The appellant’s assignments of error relate principally to the admission of evidence. It is contended that the court permitted Johnson to testify to transactions had by him with Mrs. Anderson and to statements made to him by her, contrary to § 1211 of the code (Rem; P. O. §7722). The brief does not point out the specific instances where the rule is claimed to have been violated, and in our reading of it we find none that is clearly apparent. But the question is not very material in any event. The cause was tried in the court below without a jury, and is here triable de novo. Discarding-all evidence which could be held to be objectionable, there was sufficient in the record to support the judgment. Indeed, it seems to us no other conclusion could well have been reached. We have not overlooked the appellant’s argument to the effect that a strict compliance with the contract on Johnson’s part must be shown in order to warrant a recovery, and that a compliance to the satisfaction of the other party to the agreement is not sufficient. But we do not understand that such is the rule. Mrs. Anderson was present at all times during- the performance, and it was her duty at that time to complain and repudiate the contract if *30she concluded it was being breached. Failing in this, she herself could not complain after the change in conditions, and her representative has no higher right.

Finally, it is complained that the recovery is excessive. It will be remembered that the first payment made by Mrs. Anderson to Johnson was eleven hundred and twenty dollars. Johnson testified that one hundred and twenty dollars of this money was his own and that Mrs. Anderson but repaid it to him. The argument is that this was the only testimony on the question, that it was testimony relating to a transaction with the deceased, and hence incompetent under the.statute; the conclusion drawn being that the final recovery should have been one hundred and twenty dollars less than that allowed.
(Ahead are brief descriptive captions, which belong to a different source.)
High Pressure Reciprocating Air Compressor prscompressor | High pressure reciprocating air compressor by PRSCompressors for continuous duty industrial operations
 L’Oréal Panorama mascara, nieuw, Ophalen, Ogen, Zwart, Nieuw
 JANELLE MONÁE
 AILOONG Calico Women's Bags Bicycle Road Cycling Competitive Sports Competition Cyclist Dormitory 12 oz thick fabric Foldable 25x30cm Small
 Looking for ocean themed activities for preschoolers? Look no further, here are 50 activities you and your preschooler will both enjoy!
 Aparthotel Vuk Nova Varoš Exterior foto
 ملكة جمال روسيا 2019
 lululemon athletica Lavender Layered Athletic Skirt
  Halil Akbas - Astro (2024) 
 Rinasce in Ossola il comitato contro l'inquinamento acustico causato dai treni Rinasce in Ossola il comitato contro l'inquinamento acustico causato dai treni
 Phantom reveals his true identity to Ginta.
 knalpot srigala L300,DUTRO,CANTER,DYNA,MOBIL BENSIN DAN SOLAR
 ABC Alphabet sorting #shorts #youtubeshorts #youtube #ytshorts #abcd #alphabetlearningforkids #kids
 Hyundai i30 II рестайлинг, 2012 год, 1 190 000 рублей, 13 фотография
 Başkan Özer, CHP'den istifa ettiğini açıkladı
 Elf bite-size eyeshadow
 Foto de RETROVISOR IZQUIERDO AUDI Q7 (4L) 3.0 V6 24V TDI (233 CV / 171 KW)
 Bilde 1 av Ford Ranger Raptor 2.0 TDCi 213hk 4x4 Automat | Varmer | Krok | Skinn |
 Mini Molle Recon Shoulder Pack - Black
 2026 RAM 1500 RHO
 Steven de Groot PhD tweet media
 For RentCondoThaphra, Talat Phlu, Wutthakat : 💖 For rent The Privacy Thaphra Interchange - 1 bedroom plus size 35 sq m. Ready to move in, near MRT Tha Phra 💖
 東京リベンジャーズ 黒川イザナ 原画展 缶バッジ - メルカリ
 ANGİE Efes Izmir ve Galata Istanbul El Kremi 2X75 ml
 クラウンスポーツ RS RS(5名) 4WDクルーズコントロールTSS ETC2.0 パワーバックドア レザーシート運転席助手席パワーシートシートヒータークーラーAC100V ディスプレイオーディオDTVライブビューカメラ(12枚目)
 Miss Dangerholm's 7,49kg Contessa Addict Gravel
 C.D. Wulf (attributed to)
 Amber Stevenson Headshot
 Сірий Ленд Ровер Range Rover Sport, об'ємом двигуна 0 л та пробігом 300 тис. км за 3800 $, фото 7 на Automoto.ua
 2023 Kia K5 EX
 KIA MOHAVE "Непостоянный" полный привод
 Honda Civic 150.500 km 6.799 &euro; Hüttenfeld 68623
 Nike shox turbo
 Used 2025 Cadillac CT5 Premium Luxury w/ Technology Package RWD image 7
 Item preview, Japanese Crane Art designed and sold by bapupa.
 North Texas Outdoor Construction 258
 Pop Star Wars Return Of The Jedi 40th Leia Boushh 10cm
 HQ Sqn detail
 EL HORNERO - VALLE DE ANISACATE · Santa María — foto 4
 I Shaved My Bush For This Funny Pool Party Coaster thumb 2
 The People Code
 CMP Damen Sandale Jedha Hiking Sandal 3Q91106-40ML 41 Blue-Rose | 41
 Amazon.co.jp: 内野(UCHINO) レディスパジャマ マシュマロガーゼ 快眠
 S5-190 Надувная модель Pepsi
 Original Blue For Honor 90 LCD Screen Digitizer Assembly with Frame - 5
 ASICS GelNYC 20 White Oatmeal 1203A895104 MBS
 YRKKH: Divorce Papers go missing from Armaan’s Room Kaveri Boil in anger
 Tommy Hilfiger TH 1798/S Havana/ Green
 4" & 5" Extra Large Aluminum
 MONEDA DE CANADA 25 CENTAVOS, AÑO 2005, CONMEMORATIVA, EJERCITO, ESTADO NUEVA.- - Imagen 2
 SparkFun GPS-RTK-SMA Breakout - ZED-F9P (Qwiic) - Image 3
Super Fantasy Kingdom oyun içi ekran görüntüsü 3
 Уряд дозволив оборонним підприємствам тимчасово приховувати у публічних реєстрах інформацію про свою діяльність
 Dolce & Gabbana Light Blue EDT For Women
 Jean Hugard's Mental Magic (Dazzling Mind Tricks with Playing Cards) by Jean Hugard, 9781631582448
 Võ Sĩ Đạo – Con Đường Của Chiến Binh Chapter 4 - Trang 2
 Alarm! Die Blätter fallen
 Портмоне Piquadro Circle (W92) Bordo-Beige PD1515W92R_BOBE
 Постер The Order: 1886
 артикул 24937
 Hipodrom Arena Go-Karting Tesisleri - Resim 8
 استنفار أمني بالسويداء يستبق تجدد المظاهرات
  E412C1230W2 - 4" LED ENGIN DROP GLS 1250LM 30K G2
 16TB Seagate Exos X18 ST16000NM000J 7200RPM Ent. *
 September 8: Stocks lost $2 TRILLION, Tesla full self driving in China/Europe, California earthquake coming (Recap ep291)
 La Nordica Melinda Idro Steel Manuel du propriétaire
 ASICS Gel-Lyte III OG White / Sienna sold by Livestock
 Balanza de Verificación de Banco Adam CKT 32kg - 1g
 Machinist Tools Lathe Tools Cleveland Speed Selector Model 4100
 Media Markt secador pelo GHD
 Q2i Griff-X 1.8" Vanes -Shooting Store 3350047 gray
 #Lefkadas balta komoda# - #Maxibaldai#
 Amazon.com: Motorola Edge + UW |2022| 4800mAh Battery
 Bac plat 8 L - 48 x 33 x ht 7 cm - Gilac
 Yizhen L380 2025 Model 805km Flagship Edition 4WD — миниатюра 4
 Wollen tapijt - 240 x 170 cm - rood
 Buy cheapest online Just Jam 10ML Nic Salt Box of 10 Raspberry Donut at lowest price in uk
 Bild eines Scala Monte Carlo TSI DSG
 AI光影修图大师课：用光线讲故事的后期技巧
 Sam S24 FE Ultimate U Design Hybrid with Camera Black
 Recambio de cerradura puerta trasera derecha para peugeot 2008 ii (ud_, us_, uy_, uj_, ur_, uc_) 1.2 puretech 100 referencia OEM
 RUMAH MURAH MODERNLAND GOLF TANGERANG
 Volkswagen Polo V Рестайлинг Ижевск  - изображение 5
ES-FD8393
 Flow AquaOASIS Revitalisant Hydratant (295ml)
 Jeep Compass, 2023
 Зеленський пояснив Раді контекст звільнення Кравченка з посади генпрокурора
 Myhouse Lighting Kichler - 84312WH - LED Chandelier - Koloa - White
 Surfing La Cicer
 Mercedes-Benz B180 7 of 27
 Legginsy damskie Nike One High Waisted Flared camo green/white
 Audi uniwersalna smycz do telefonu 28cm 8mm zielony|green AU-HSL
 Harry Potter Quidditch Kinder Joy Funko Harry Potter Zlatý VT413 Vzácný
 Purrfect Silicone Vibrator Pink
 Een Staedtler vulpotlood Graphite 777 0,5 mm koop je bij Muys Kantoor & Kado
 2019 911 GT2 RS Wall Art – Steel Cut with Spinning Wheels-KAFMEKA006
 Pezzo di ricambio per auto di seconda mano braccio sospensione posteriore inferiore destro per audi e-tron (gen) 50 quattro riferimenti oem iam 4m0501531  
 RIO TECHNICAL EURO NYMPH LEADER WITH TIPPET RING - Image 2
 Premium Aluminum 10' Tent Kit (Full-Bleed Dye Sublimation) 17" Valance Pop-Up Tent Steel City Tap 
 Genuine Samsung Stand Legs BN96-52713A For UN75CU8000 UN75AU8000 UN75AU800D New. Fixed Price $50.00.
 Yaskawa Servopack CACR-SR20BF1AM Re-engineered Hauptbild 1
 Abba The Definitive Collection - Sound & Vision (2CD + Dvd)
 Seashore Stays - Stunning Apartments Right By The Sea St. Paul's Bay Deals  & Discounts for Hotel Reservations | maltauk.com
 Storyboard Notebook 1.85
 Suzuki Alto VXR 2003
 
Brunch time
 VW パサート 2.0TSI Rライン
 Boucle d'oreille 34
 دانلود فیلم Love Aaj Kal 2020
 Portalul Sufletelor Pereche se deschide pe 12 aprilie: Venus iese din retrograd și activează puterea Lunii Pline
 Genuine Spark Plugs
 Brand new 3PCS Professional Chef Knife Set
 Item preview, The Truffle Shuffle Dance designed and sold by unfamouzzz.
But the record shows that this testimony was brought out on the cross-examination of Johnson by the respondent’s own attorney. This being so, the court was warranted in considering it under the authority of Robertson v. O’Neill, 67 Wash. 121, 120 Pac. 884. As Judge Grose points out in that case, it would be palpably unjust to permit the representative of a deceased person to examine the opposing party on matters which the party would otherwise be incompetent to testify and accept his testimony in so far as it aids him and reject it in so far as it is adverse to him. ‘ ‘ The logic of the cases is that the party who invokes the protection of the statute must himself respect it.” On this branch of the case Johnson was compelled to rely upon more indirect proofs. He sought to show by Mrs. Anderson’s conduct and declarations that she recognized this particular sum as money belonging to him. If we were compelled to rely upon these proofs alone, we think he fully sustained the burden.

The judgment is affirmed.

Parker, O. J., Mitchell, Tolman, and Mackintosh, JJ., concur.